Your task is to print every entry below exactly as given.

=== THE DATA ===

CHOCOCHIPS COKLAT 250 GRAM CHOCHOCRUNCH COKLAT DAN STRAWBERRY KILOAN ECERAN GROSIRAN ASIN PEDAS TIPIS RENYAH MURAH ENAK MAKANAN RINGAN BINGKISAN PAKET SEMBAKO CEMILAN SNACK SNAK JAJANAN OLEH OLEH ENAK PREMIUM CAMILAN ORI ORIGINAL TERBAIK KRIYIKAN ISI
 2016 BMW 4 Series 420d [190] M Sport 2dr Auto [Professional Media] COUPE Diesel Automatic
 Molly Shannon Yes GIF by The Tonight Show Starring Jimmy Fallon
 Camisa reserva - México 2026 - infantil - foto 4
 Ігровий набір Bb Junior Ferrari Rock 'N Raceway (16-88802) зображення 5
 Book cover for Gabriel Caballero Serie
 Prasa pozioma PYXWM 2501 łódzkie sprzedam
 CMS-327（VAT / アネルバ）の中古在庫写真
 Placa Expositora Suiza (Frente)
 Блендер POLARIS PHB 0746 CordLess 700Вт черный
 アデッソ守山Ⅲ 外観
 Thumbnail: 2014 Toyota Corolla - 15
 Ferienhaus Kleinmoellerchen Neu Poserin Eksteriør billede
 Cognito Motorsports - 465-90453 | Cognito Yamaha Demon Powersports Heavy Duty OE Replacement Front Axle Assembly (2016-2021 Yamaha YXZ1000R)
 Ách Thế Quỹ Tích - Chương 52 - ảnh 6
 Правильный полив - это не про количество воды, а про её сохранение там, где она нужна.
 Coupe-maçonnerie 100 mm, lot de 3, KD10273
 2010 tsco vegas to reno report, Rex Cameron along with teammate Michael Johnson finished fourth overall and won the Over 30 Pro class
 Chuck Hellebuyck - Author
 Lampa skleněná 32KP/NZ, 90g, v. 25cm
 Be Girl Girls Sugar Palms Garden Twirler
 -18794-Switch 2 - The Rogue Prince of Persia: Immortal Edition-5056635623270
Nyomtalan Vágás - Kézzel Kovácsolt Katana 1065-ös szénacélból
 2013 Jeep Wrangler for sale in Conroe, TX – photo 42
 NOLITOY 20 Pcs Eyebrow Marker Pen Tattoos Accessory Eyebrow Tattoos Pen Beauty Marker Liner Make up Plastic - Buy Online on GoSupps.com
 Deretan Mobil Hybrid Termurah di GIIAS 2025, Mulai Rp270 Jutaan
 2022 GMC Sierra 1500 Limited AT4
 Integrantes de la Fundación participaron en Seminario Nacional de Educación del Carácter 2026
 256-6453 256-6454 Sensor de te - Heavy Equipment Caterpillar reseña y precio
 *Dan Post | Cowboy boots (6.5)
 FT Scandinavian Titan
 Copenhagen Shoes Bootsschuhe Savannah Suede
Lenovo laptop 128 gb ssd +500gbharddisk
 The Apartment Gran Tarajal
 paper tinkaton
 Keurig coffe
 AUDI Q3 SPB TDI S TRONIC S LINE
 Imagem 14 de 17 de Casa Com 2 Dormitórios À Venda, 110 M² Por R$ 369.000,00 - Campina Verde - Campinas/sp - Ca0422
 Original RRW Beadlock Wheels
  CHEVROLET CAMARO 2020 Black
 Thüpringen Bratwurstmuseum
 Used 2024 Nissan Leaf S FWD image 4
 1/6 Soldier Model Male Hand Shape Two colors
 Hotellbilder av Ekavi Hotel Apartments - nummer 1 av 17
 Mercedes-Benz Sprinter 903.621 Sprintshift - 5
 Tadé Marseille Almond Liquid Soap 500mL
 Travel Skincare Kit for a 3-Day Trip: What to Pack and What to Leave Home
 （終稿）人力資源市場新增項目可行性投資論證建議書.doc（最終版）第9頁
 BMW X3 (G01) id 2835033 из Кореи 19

===

#### OUTPUT BELOW:
CHOCOCHIPS COKLAT 250 GRAM CHOCHOCRUNCH COKLAT DAN STRAWBERRY KILOAN ECERAN GROSIRAN ASIN PEDAS TIPIS RENYAH MURAH ENAK MAKANAN RINGAN BINGKISAN PAKET SEMBAKO CEMILAN SNACK SNAK JAJANAN OLEH OLEH ENAK PREMIUM CAMILAN ORI ORIGINAL TERBAIK KRIYIKAN ISI
 2016 BMW 4 Series 420d [190] M Sport 2dr Auto [Professional Media] COUPE Diesel Automatic
 Molly Shannon Yes GIF by The Tonight Show Starring Jimmy Fallon
 Camisa reserva - México 2026 - infantil - foto 4
 Ігровий набір Bb Junior Ferrari Rock 'N Raceway (16-88802) зображення 5
 Book cover for Gabriel Caballero Serie
 Prasa pozioma PYXWM 2501 łódzkie sprzedam
 CMS-327（VAT / アネルバ）の中古在庫写真
 Placa Expositora Suiza (Frente)
 Блендер POLARIS PHB 0746 CordLess 700Вт черный
 アデッソ守山Ⅲ 外観
 Thumbnail: 2014 Toyota Corolla - 15
 Ferienhaus Kleinmoellerchen Neu Poserin Eksteriør billede
 Cognito Motorsports - 465-90453 | Cognito Yamaha Demon Powersports Heavy Duty OE Replacement Front Axle Assembly (2016-2021 Yamaha YXZ1000R)
 Ách Thế Quỹ Tích - Chương 52 - ảnh 6
 Правильный полив - это не про количество воды, а про её сохранение там, где она нужна.
 Coupe-maçonnerie 100 mm, lot de 3, KD10273
 2010 tsco vegas to reno report, Rex Cameron along with teammate Michael Johnson finished fourth overall and won the Over 30 Pro class
 Chuck Hellebuyck - Author
 Lampa skleněná 32KP/NZ, 90g, v. 25cm
 Be Girl Girls Sugar Palms Garden Twirler
 -18794-Switch 2 - The Rogue Prince of Persia: Immortal Edition-5056635623270
Nyomtalan Vágás - Kézzel Kovácsolt Katana 1065-ös szénacélból
 2013 Jeep Wrangler for sale in Conroe, TX – photo 42
 NOLITOY 20 Pcs Eyebrow Marker Pen Tattoos Accessory Eyebrow Tattoos Pen Beauty Marker Liner Make up Plastic - Buy Online on GoSupps.com
 Deretan Mobil Hybrid Termurah di GIIAS 2025, Mulai Rp270 Jutaan
 2022 GMC Sierra 1500 Limited AT4
 Integrantes de la Fundación participaron en Seminario Nacional de Educación del Carácter 2026
 256-6453 256-6454 Sensor de te - Heavy Equipment Caterpillar reseña y precio
 *Dan Post | Cowboy boots (6.5)
 FT Scandinavian Titan
 Copenhagen Shoes Bootsschuhe Savannah Suede
Lenovo laptop 128 gb ssd +500gbharddisk
 The Apartment Gran Tarajal
 paper tinkaton
 Keurig coffe
 AUDI Q3 SPB TDI S TRONIC S LINE
 Imagem 14 de 17 de Casa Com 2 Dormitórios À Venda, 110 M² Por R$ 369.000,00 - Campina Verde - Campinas/sp - Ca0422
 Original RRW Beadlock Wheels
  CHEVROLET CAMARO 2020 Black
 Thüpringen Bratwurstmuseum
 Used 2024 Nissan Leaf S FWD image 4
 1/6 Soldier Model Male Hand Shape Two colors
 Hotellbilder av Ekavi Hotel Apartments - nummer 1 av 17
 Mercedes-Benz Sprinter 903.621 Sprintshift - 5
 Tadé Marseille Almond Liquid Soap 500mL
 Travel Skincare Kit for a 3-Day Trip: What to Pack and What to Leave Home
 （終稿）人力資源市場新增項目可行性投資論證建議書.doc（最終版）第9頁
 BMW X3 (G01) id 2835033 из Кореи 19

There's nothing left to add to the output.